MATERIAL TO PROCESS =

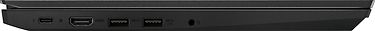 Lenovo ThinkPad E480 14" -kannettava, Win 10 Pro, kuva 10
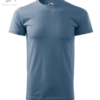denim-sinine-16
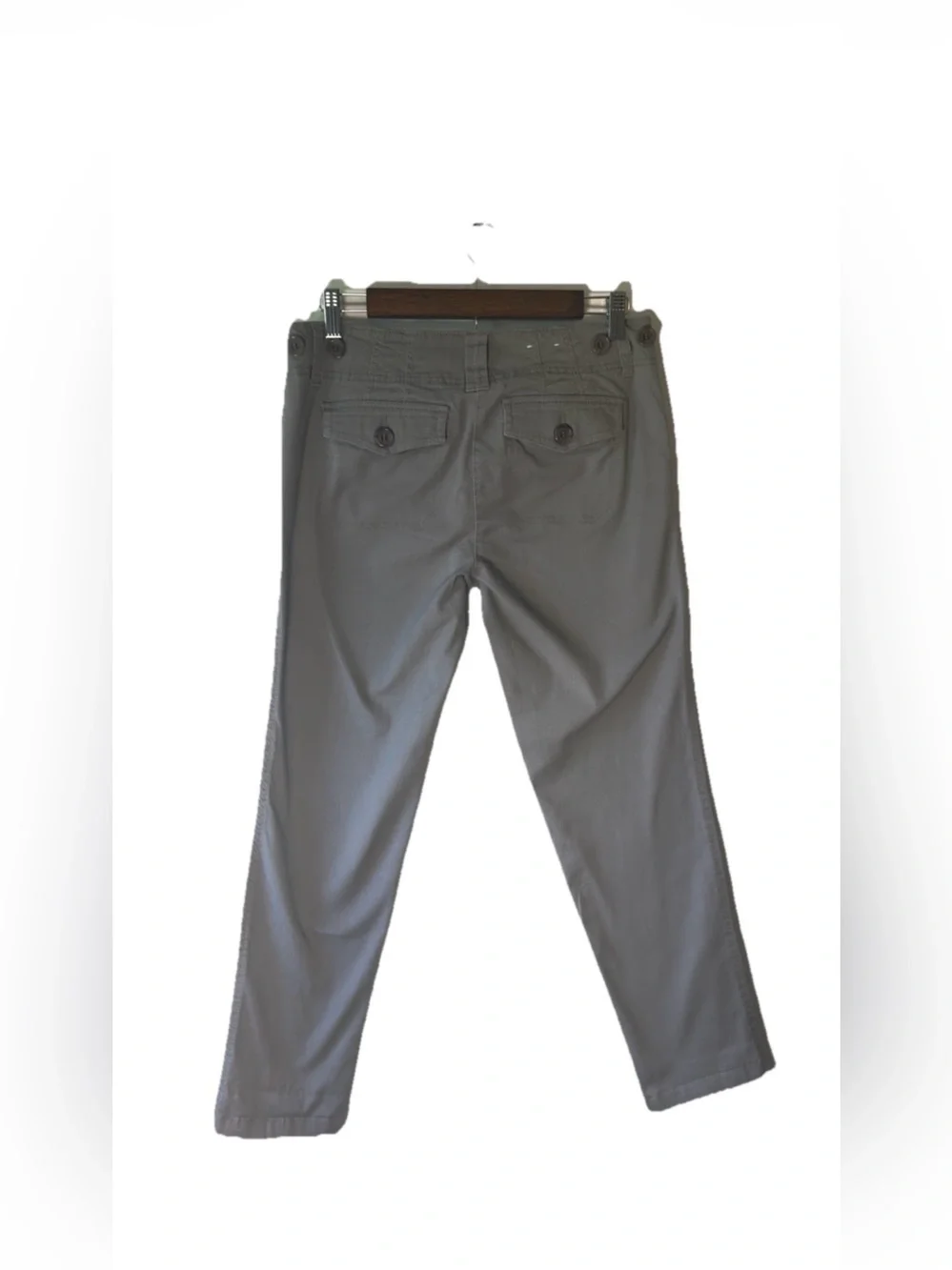 Dalia Collection Women’s Slimm jeans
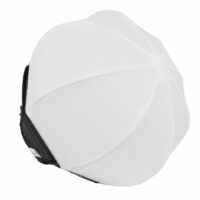 2026-08-11 TBQP Báo Giá Hà Nội - HCM - Đèn Led Godox ML100Bi Bi-Color 23 Đèn Led Godox ML100Bi Bi-Color chính hãng, hình ảnh thực tế mua tại HL Studio Đèn Led Quay Phim 23
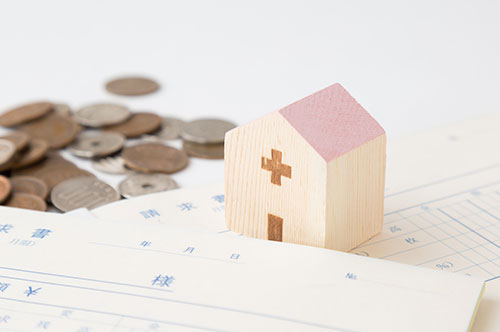 交通事故後における第三者行為とは？ 書類が求められる理由を解...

TASK TO COMPLETE = Pictures are not part of the answer, which must be the exact lines from the one holding "denim-sinine-16" through the end of the material, both ends included.

SOLUTION =
denim-sinine-16
 Dalia Collection Women’s Slimm jeans
 2026-08-11 TBQP Báo Giá Hà Nội - HCM - Đèn Led Godox ML100Bi Bi-Color 23 Đèn Led Godox ML100Bi Bi-Color chính hãng, hình ảnh thực tế mua tại HL Studio Đèn Led Quay Phim 23
 交通事故後における第三者行為とは？ 書類が求められる理由を解...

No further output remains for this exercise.